• [Work to be completed]:
Your answer must be the full listing, word for word, with no images in it.

• [Collected material]:
⁂
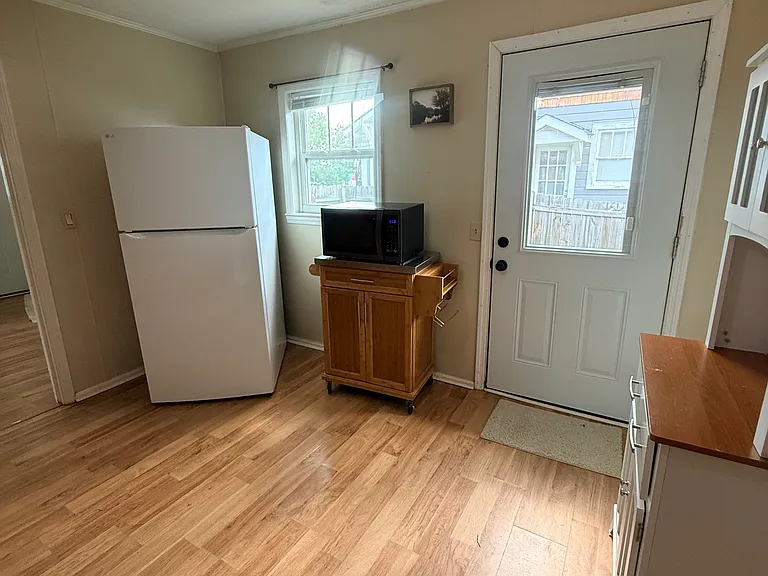 315 Bluff Ave — Photo 5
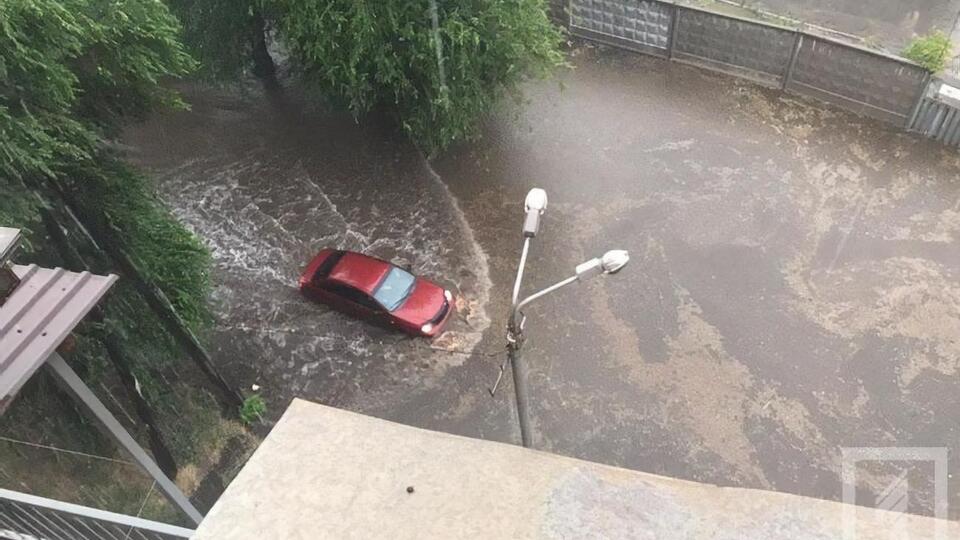 На Кривий Ріг налетіли злива і сильний вітер. Фоторепортаж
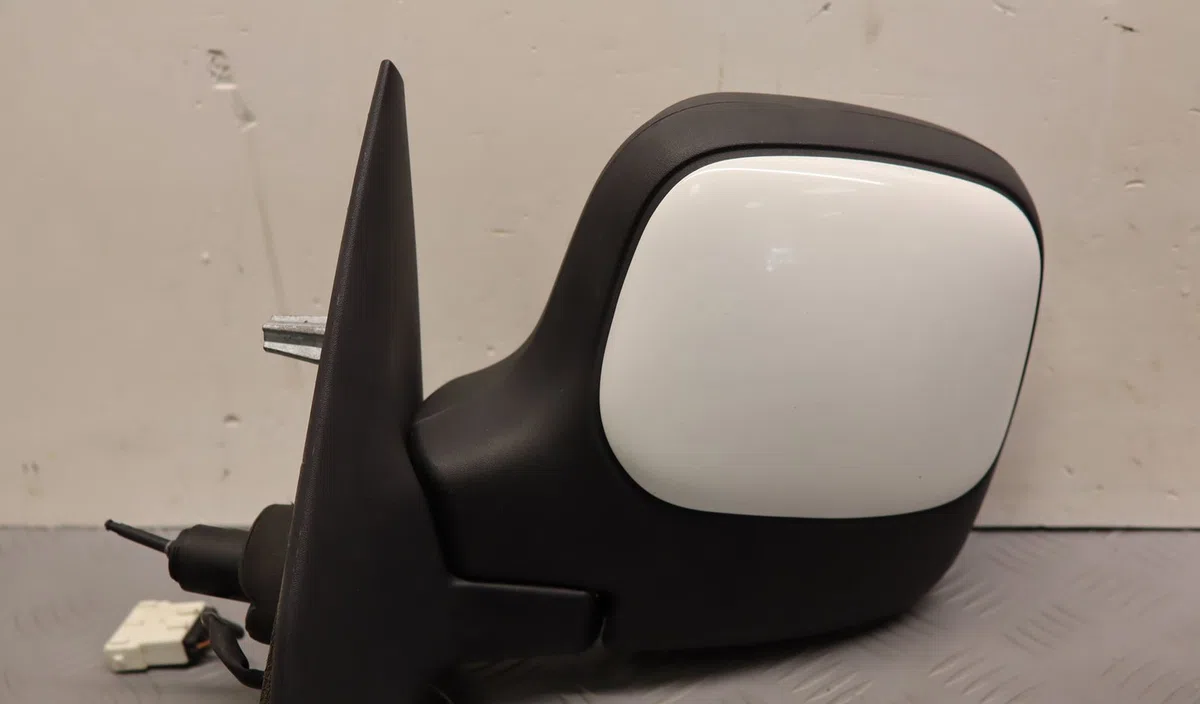 Retroviseur exterieur electrique gauche Peugeot PARTNER Monospace (5_, G_) 1.4 (1996-2015) occasion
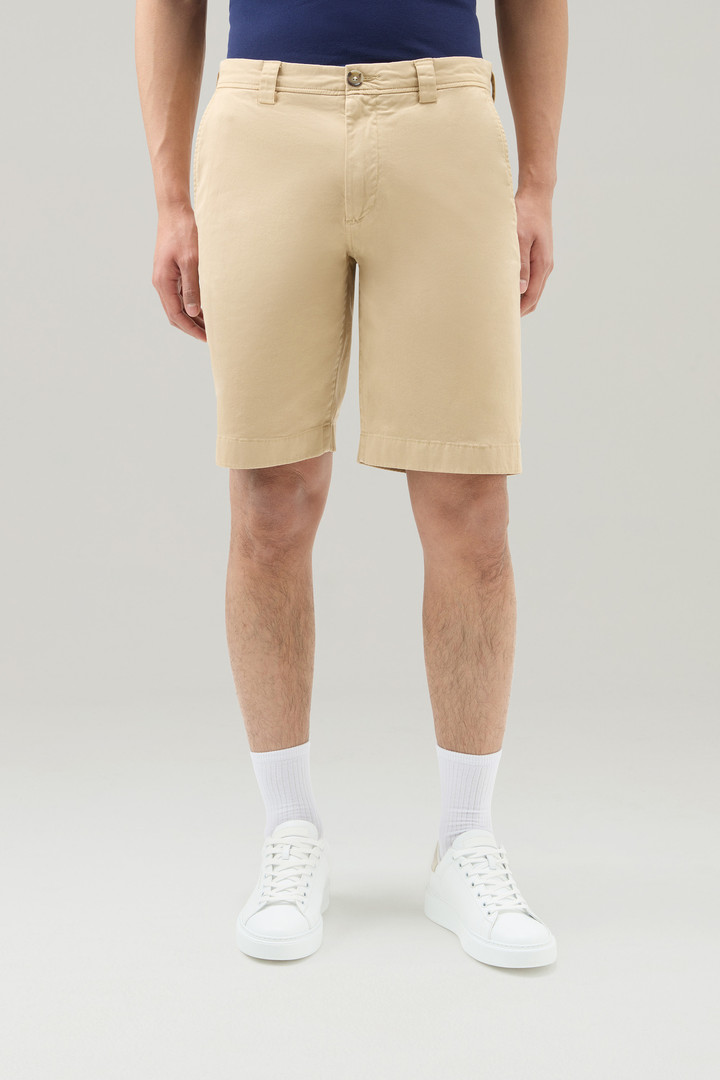 Woolrich Men Garment-Dyed Chino Shorts in Stretch Cotton Beige Size 34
⁂
• [Solution below]:
 315 Bluff Ave — Photo 5
 На Кривий Ріг налетіли злива і сильний вітер. Фоторепортаж
 Retroviseur exterieur electrique gauche Peugeot PARTNER Monospace (5_, G_) 1.4 (1996-2015) occasion
 Woolrich Men Garment-Dyed Chino Shorts in Stretch Cotton Beige Size 34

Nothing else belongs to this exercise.